(Records from a data collection):
========
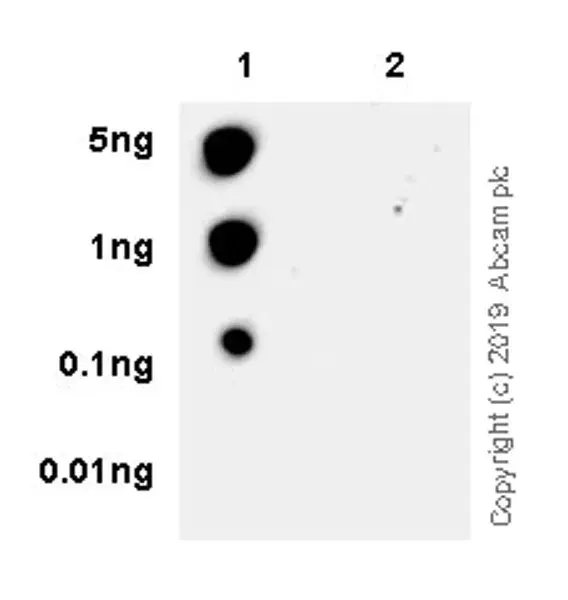 Anti-IRE1 (phospho S724) antibody [EPR23107-16](AB243665)
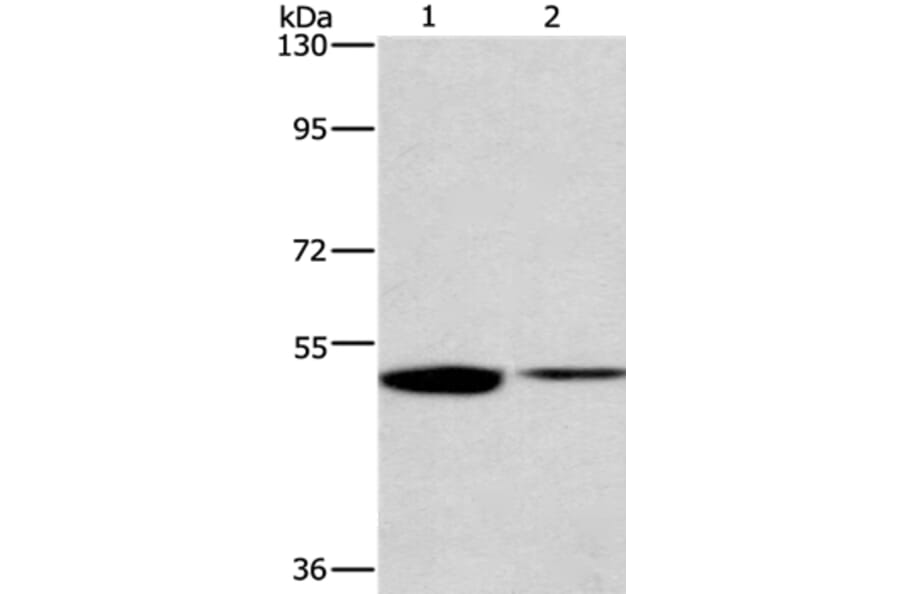 IRF6 Antibody from Signalway Antibody (35786) - Antibodies.com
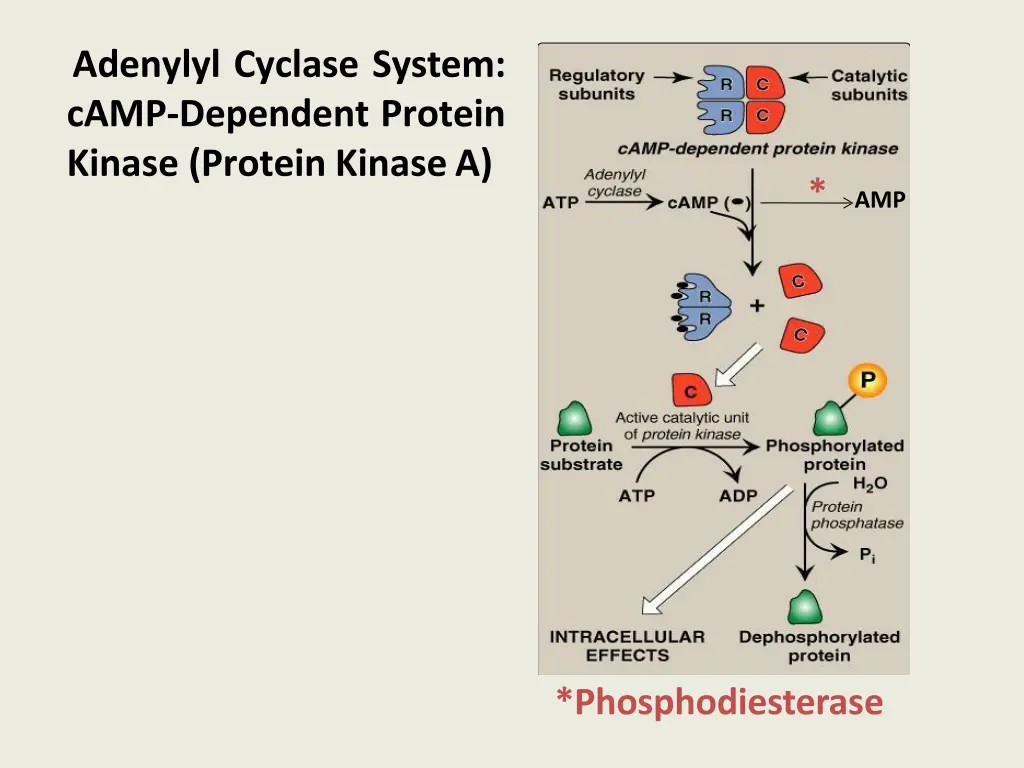 adenylyl cyclase system camp dependent protein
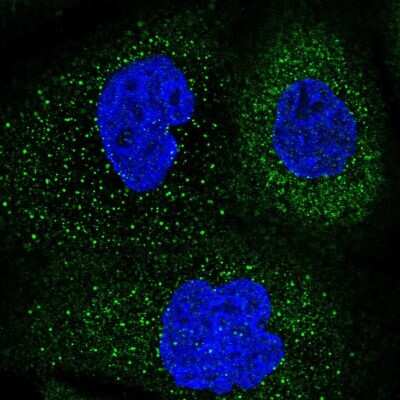 Immunocytochemistry/ Immunofluorescence: FAM188B Antibody [NBP1-91240]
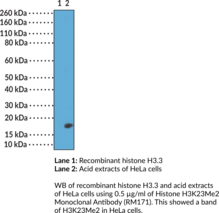 Histone H3K23Me2 Monoclonal Antibody (RM171)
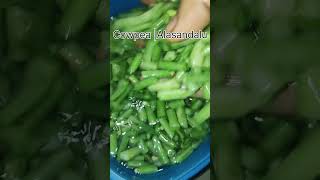 Cowpea curry Alasandala recipe 😀shorts viral trending 🎉 [upl. by Maxy]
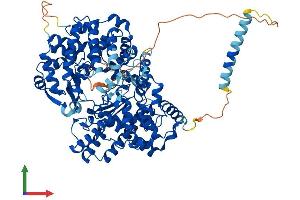 AlphaFold protein structure predicition of Human Recombinant ECEL1 Protein, UniprotID O95672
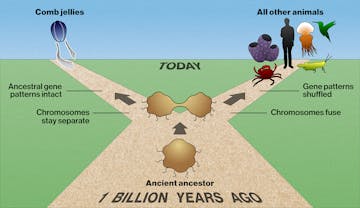 An illustration depicting a hypothetical fork in the road of animal evolution. It shows a brown, dirt road in the middle of a green field with blue sky in the distance. The bottom of the illustration is labeled “1 billion years ago” and the top is labeled “today.” A brown, blob-shaped ancient ancestor is traveling down the dirt road. An upward arrow points to the ancient ancestor splitting into two. One is headed down the left fork in the dirt road. An upward arrow points diagonally to the left to an illustration of a blue comb jelly silhouette labeled “Comb jellies.” Lines pointing to the road carry labels reading “Chromosomes stay separate” and “Ancient gene patterns intact.” The other ancient ancestor is headed down the right fork in the dirt road. An upward arrow points diagonally to the right to illustrations of the silhouettes of a red crab, green grasshopper, purple sponge, dark gray human, orange jelly, and green hummingbird labeled “All other animals.” Lines pointing to the road carry labels reading “Chromosomes fuse” and “Gene patterns shuffled.”
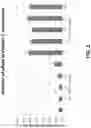 Fig. 03 - COMPOSITIONS AND METHODS FOR INHIBITIION OF EXPRESSION OF PROTEIN C (PROC) GENES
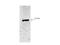 MTS antibody, A06481, Boster Biological Technology, Western Blot image 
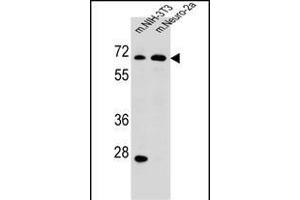 ME2 Antibody (C-term) (ABIN656541 and ABIN2845805) western blot analysis in mouse NIH-3T3,Neuro-2a cell line lysates (35 μg/lane). (NAD-ME antibody  (C-Term))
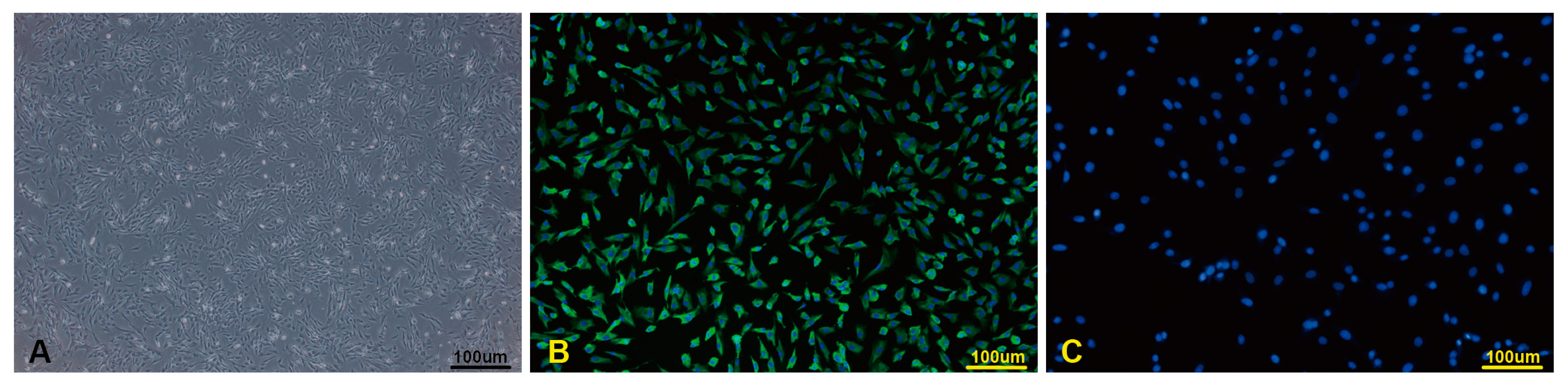 Viruses 15 01523 g001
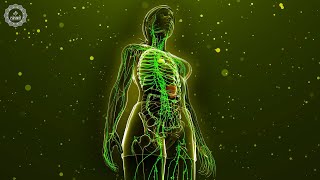 Lymphatic Drainage  Remove Waste amp Toxins From The Body  Boost Immune System Overcome Inflammation [upl. by Enirehtac]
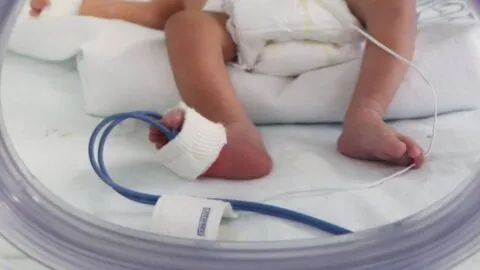 Bebés fallecidos en IMSS de Durango: 4 dieron positivo a bacteria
========
(Action item): Only the lines above starting with the line with "Fig. 03 - COMPOSITIONS" and going on through the line with "MTS antibody, A06481, Boster" belong in the answer; repeat them exactly, minus any picture.

(Completed exercise):
 Fig. 03 - COMPOSITIONS AND METHODS FOR INHIBITIION OF EXPRESSION OF PROTEIN C (PROC) GENES
 MTS antibody, A06481, Boster Biological Technology, Western Blot image 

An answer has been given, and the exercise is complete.